The Times reports that a vegan barista who works for Starbucks sent a picture of the sauce’s ingredient list to a vegetarian blog called www.ThisDishIsVegetarian.com, which posted it earlier this month. The revelation sparked some criticism from advocacy groups questioning the practice.
“The strawberry base for our Strawberries & Creme Frappuccino does contain cochineal extract, a common natural dye that is used in the food industry, and it helps us move away from artificial ingredients,” said spokesman Jim Olson.
The base also is used in Starbucks’ strawberry smoothies, he said, and the insect-derived extract is in some other foods and drinks the chain sells, including its red velvet whoopie pies.
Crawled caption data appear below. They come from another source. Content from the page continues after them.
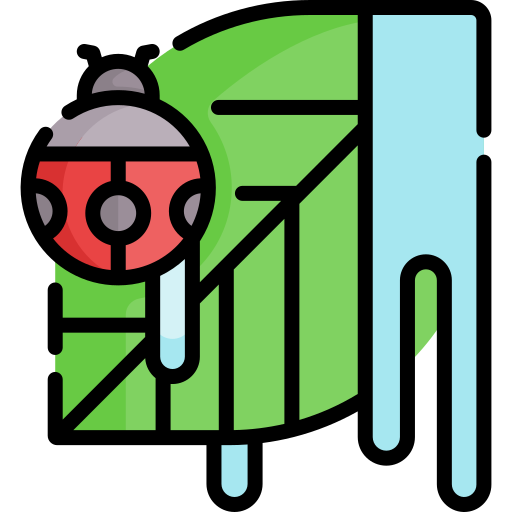 Ladybug free icon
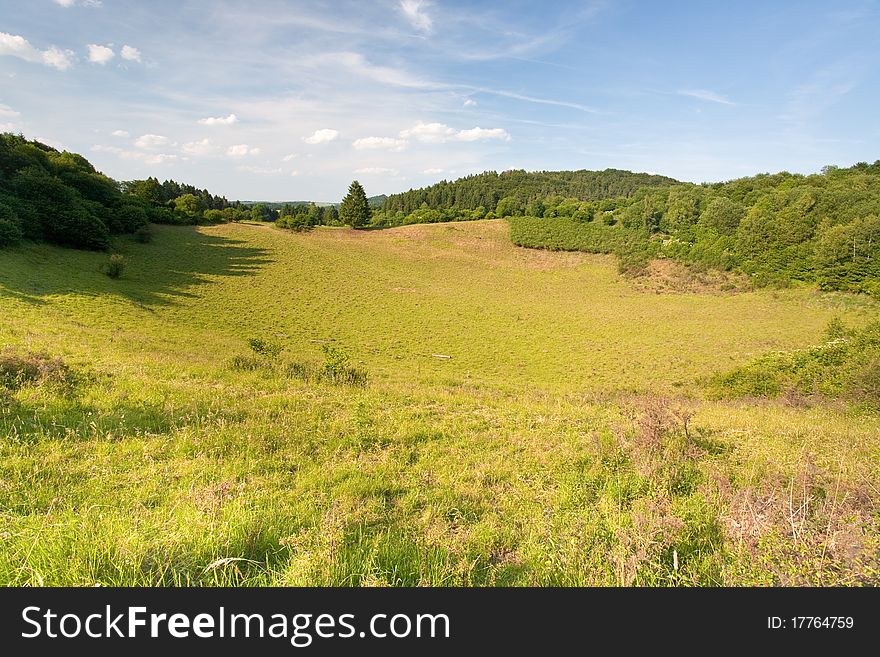 Clearing in hill forest near Gerolstein, Germany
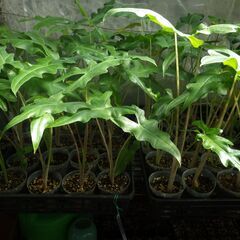 アロカシア ポルテイ（レッドタイプ） Alocasia portei（RED TYPE）の画像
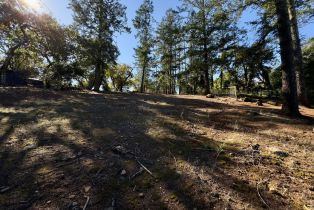 Residential Lot,  Brush Creek road, Santa Rosa, CA 95404 - 34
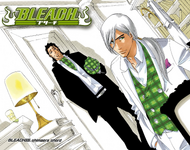 335Cover
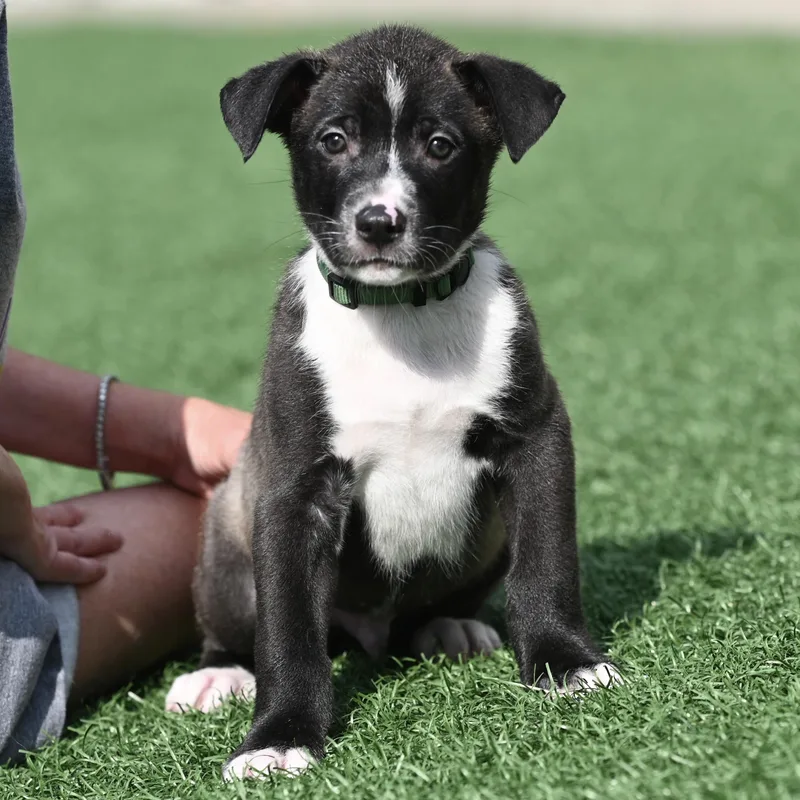 A baby medium-sized male Gray / Blue / Silver German Shepherd Dog dog named Basil for adoption in Libertyville, IL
The extract is deemed safe by the FDA, but does not appear on labels in restaurants. Typically restaurants are exempt from food labeling that applies to packaged foods under the Nutrition Labeling and Education Act of 1990. This means that if you didn’t think to ask about the extract, then you would have no way of knowing that it was used. Neither does the Food Allergen Labeling and Consumer Protection Act of 2004 apply to restaraunts selling non-packaged foods.
The cochineal extract does appear on packaged foods ingredient lists. This is a change as of early 2011 when new rules from the FDA stopped the practice of labeling cochineal extract as “artificial colors” or “color added.”
For vegans, Jews who keep kosher, and the small segment of the population who are allergic to cochineal extract read the label of packaged foods, but be leery of items served at fast food chains and restaurants.
Following the news of pink slime, which many consumers were also unaware of because of how it appears on the label, it is becoming apparent that few of us know exactly what is in the food we buy. The question becomes whether the right to know would quell safe innovation in processed foods. Cochineal extract is a safe product, it just sounds gross to think of drinking crushed insects.